### Exercise
From the listing that follows, reproduce only the lines from the one holding "ESMY Pullover (Dk Camel Orange)" through the one holding "2017 FORD EXPLORER LIMITED", both included, with no pictures.

[[ Data to use open ]]

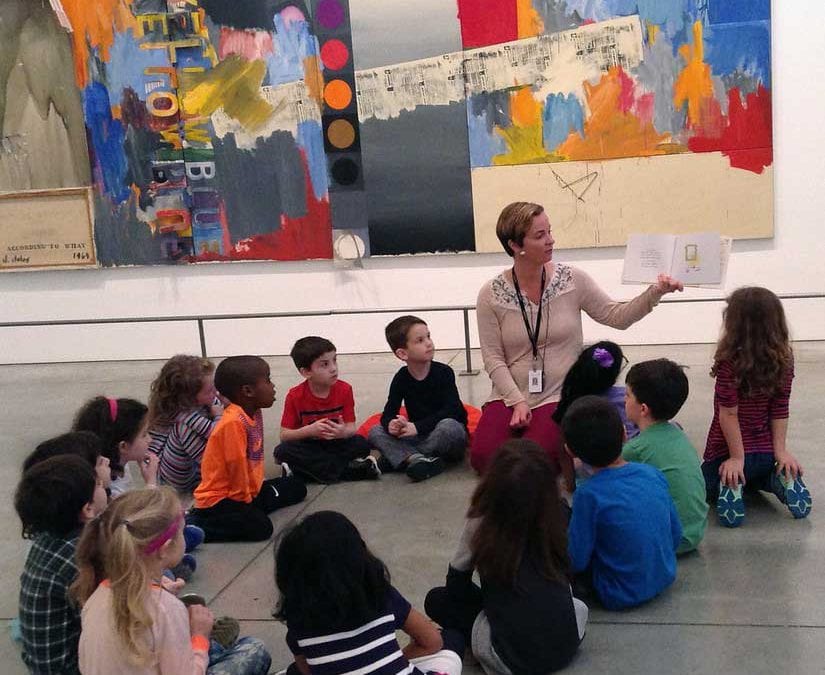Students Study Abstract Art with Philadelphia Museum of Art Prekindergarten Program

[[ Data to use closed ]]
[[ Data to use open ]]

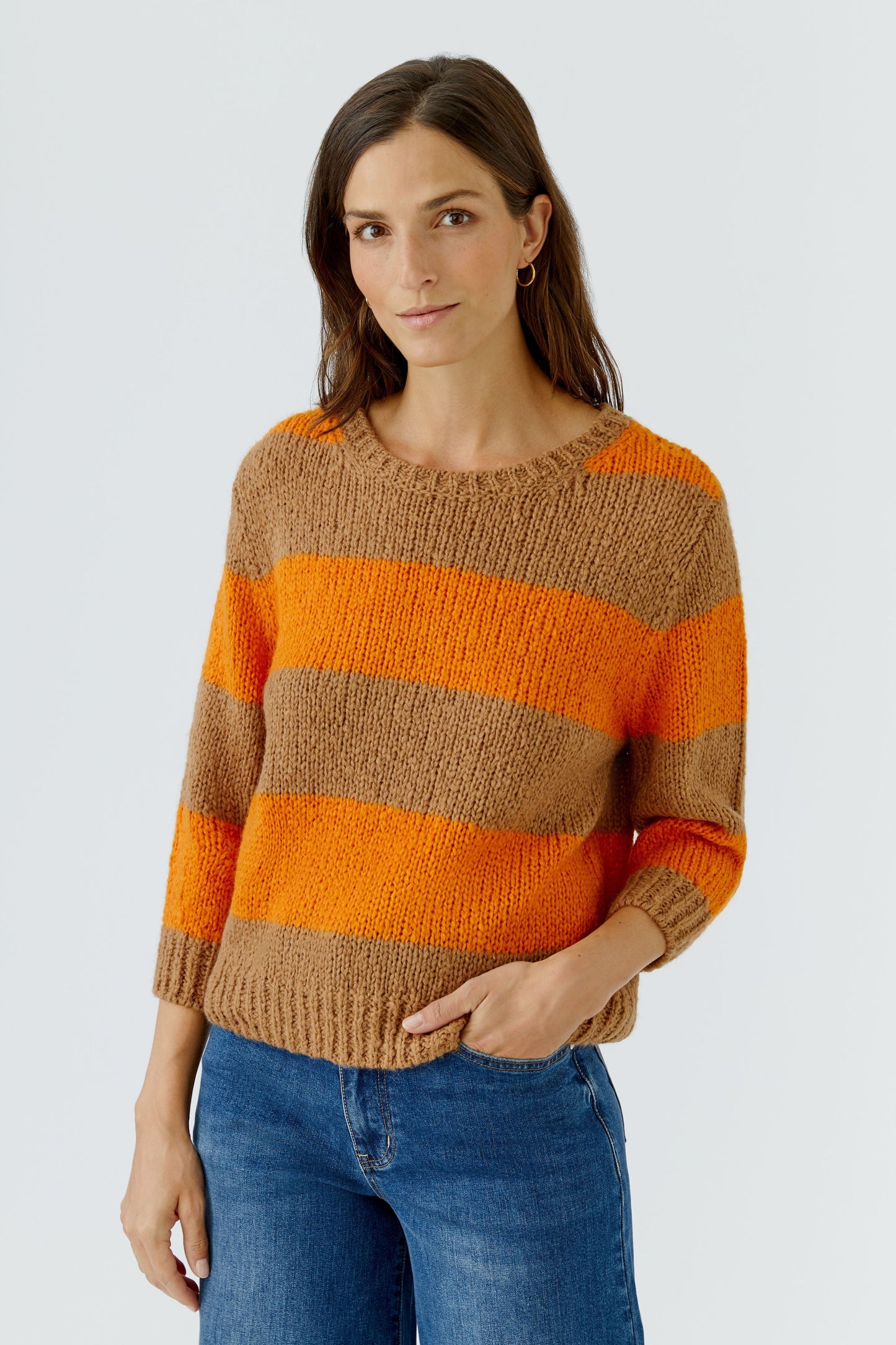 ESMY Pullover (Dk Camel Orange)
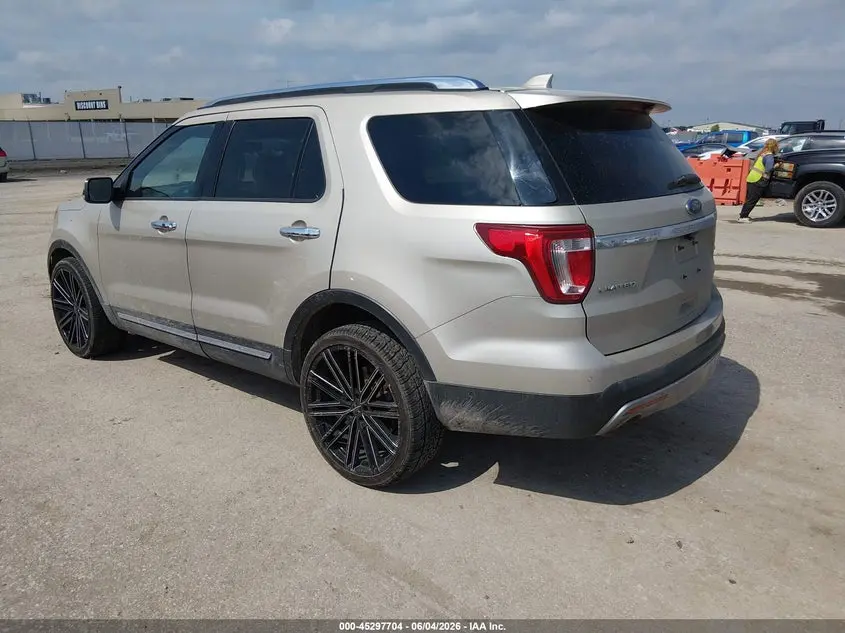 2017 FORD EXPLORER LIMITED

[[ Data to use closed ]]

### Exercise result
 ESMY Pullover (Dk Camel Orange)
 2017 FORD EXPLORER LIMITED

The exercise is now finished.